Eiffel talks about the tower as a monument to Paris that can be enjoyed by all, and we are encouraged to see the tower as part of an emerging modern age, with the film also giving prominence to the early motorcar, then a very new phenomenon.
The film employed the services of six architects and 12 engineers to build the set, and the construction of the early stages is gripping, especially the drama of the four legs linking to form the first level platform. I’m not sure I really understood the technical intricacies of Eiffel’s system to construct the foundations so close to the Seine, but they clearly must have worked as planned, despite a few ropey moments shown in the film for added dramatic effect.
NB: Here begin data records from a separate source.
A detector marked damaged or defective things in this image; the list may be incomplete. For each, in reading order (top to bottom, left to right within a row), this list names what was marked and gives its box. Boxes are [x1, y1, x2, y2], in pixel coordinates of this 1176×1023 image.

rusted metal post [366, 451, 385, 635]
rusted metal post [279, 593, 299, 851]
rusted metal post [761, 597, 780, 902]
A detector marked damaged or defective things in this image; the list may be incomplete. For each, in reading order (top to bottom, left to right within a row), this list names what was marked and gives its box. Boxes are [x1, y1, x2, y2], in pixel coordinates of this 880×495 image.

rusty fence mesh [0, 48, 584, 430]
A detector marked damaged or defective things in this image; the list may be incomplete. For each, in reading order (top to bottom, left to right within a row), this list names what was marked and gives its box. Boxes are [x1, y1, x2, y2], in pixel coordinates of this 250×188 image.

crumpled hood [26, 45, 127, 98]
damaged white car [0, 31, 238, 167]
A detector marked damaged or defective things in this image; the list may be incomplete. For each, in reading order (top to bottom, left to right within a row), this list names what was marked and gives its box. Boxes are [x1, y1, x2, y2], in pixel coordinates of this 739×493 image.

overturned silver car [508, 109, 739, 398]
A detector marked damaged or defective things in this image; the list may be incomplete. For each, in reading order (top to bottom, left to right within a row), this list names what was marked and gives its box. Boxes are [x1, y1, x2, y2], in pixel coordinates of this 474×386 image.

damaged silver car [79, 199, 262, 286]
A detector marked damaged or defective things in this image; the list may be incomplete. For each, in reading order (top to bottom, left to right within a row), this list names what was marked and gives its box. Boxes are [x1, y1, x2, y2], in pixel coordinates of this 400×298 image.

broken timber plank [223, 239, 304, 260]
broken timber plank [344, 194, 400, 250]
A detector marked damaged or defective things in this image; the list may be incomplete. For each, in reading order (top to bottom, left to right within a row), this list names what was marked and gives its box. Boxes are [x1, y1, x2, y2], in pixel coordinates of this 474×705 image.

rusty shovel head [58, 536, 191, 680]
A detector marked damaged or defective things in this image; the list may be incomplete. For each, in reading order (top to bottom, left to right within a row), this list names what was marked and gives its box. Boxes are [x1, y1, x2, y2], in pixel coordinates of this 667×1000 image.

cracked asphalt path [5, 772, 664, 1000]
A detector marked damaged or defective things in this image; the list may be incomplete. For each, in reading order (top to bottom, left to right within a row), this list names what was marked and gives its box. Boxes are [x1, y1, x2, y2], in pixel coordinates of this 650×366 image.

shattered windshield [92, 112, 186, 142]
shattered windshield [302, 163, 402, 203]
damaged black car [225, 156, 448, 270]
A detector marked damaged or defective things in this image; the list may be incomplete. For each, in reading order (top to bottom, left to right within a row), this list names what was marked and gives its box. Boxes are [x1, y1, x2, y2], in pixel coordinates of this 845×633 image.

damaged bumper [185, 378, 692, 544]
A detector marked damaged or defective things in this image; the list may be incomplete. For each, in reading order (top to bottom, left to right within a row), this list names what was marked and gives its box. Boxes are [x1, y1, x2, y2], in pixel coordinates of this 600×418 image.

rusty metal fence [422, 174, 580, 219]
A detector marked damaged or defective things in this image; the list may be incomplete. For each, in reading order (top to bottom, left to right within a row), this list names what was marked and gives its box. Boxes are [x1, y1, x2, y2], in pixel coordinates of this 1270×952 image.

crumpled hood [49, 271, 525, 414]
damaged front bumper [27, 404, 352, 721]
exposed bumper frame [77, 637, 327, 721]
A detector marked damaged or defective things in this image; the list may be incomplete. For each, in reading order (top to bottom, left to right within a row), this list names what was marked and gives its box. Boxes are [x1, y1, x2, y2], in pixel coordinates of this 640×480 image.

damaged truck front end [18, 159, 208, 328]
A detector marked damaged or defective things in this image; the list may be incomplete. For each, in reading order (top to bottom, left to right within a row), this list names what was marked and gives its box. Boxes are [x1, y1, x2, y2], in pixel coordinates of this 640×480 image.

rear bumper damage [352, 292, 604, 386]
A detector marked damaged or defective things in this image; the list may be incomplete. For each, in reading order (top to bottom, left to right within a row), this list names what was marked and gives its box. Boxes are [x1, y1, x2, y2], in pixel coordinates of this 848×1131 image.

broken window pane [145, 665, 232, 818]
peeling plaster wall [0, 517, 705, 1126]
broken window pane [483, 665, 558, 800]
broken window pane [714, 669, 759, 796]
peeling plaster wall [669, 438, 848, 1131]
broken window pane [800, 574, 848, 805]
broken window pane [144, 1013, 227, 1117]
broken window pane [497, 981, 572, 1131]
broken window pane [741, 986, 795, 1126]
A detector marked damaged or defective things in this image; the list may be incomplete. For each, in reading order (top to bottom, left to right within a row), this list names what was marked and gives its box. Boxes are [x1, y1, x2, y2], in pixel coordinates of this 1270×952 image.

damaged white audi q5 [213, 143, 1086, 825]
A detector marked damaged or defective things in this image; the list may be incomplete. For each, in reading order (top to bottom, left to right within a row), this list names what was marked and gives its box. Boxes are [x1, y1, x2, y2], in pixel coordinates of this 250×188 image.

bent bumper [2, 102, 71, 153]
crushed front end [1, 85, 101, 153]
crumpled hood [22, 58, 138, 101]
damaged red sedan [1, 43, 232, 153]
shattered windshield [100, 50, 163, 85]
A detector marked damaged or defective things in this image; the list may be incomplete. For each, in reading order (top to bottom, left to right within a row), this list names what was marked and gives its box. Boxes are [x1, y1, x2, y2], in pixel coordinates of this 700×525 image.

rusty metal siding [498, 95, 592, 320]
We don’t get much by way of character insight. Although it is billed as a love story, the battle to build the tower seemed rather more compelling than the protagonists’ romance. So it’s hard to feel that emotionally invested in them, even in the spirited Bourgés, who has a particularly raw deal, with the film imagining a highly melodramatic – and tragic – break-off of her engagement.
Yet, in this telling, it is her self-sacrifice that enables the tower to be completed, since her well-connected husband had suggested if she left him for Eiffel, it might result in funding difficulties for the tower.
There’s no way of knowing whether any of this imagining could ever have been more than mere fancy, although it seems likely that the two did indeed meet again since, in real life, Eiffel’s son married Bourgés’ niece. But it’s certainly an enjoyable conceit. And it’s a scenario that appears to have the blessing of Eiffel’s descendants, who have endorsed the film as ‘a beautiful tribute to our ancestor’.
But while it could, in theory, be possible that the tower was fuelled by Eiffel’s desire to impress his rediscovered old flame, the great denouement at the end surely stretches credulity too far. When finally (spoiler alert), we got to see what Eiffel, fresh from triumphantly completing his tower, has been furiously sketching at moments throughout the film, it turns out to be Bourgés’ first name, Adrienne, the A in the distinctive form of the tower.
How fortunate, remarked my viewing companion, that her name didn’t begin with a less cooperative letter, such as P. But that preposterousness aside, this is an enjoyable enough rom-architecture yarn that does indeed shine a different light on the tower.
Eifeel will be released in UK and Irish cinemas on 12 August. Running time: 108 mins / Cert TBC??